When you’re in a hole, stop digging.
It’s about as wise an aphorism as you’re likely to hear, but when it comes to “Spaceport America,” it never seems to apply.
Last week the Las Cruces Sun-News reported that “construction of a southern road from the Upham exit off of Interstate 25 to Spaceport America could begin in April.” A memorandum of understanding must first be signed between the BLM and the New Mexico Spaceport Authority’s board of directors before work can begin. A construction contract could be signed as soon as February.
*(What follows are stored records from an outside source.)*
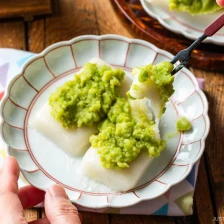 Zunda Mochi (Sweet Edamame Mochi) Recipe Page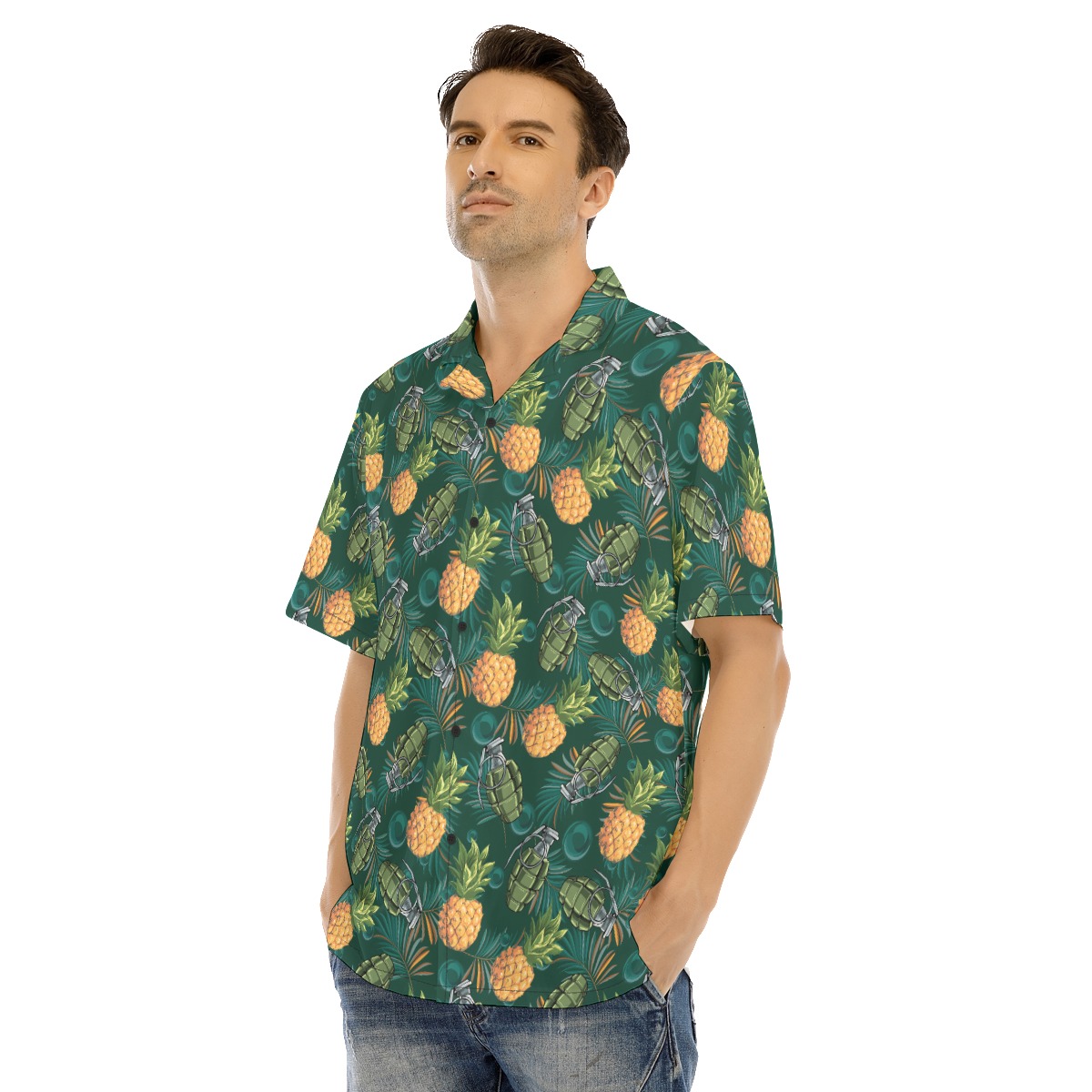 Pineapple Grenade Tropical Hawaiian Shirt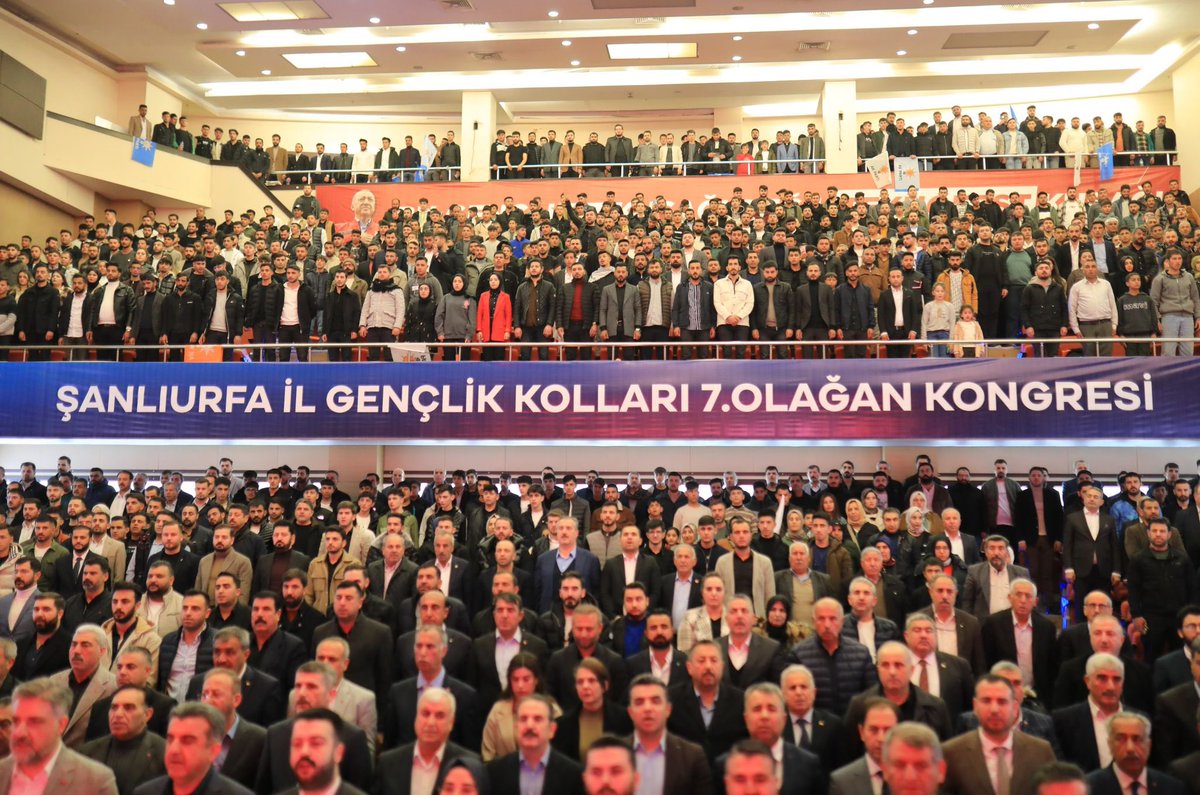 📍Şanlıurfa

7. Olağan Gençlik Kolları Kongremizi büyük bir coşku ve heyecanla gerçekleştirdik.

<a href="/eyupkadirinan/">Eyyüp Kadir İnan</a> 
<a href="/avyusufibis/">Yusuf İBİŞ</a>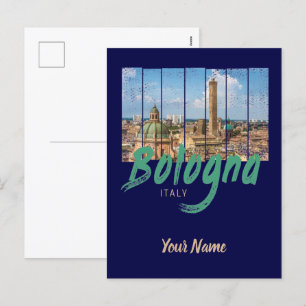 Bologna Emilia-Romagna Italy vintage souvenir Holiday Postcard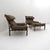 Arne Norell ‘Inca’ Leather Chairs and Ottoman, 1970 For Sale - Image 10 of 10
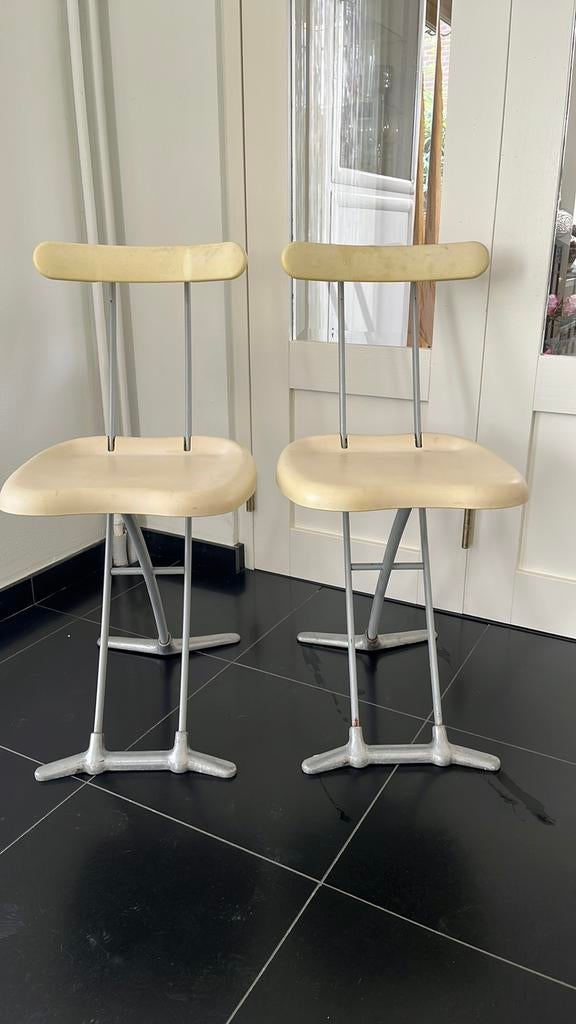 Rondine Magis klapstoel, 2 krukken, Ophalen, Gebruikt, 60 tot 90 cm
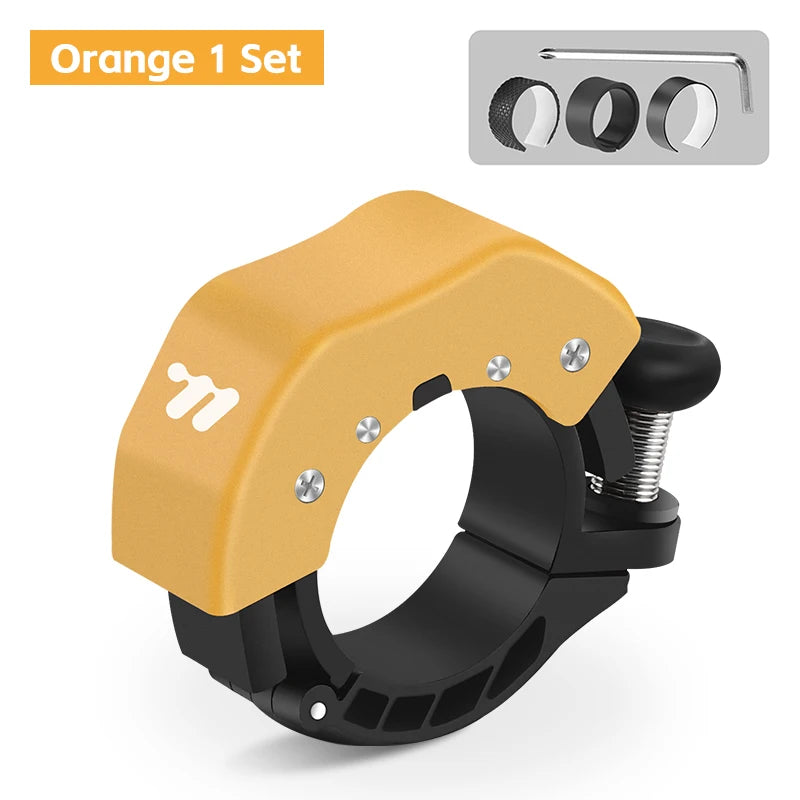 WEST BIKING Aluminum Bike Bell 85dB Loud Handlebar Warning Horn Main image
Approval has already been granted for $14 million worth of severance-tax bonds to pay for the 24-mile route.
According to Davin Lopez, a Spaceport Authority board member and president and chief executive officer of the Mesilla Valley Economic Development Alliance, the southern road is essential for the spaceport, because it “is not only a center for innovation, it’s a destination too. We need access, and easy access.”
If Lopez has any evidence that the hundreds of millions of dollars New Mexico’s taxpayers have “invested” in the spaceport have produced any innovation, the Foundation would love to see it. Other than a smattering of launches by UP Aerospace’s sounding rockets, next to nothing has happened at the facility. No payloads have been sent into orbit. Not a single tourist has made a suborbital jaunt. SpaceX, Elon Musk’s game-changing launch company, is active in Texas and Florida. Ditto for Blue Origin, run by Internet billionaire Jeff Bezos.
Rather than double down on the boondoggle-in-the-desert, the state should embrace the proposal floated by Sen. George Munoz (D-Gallup) in 2015: Require the spaceport authority and the general services department, “in consultation with the New Mexico finance authority … [to] develop and put into place … a marketing plan that will advertise and promote the sale of Spaceport America to potential national and international buyers.”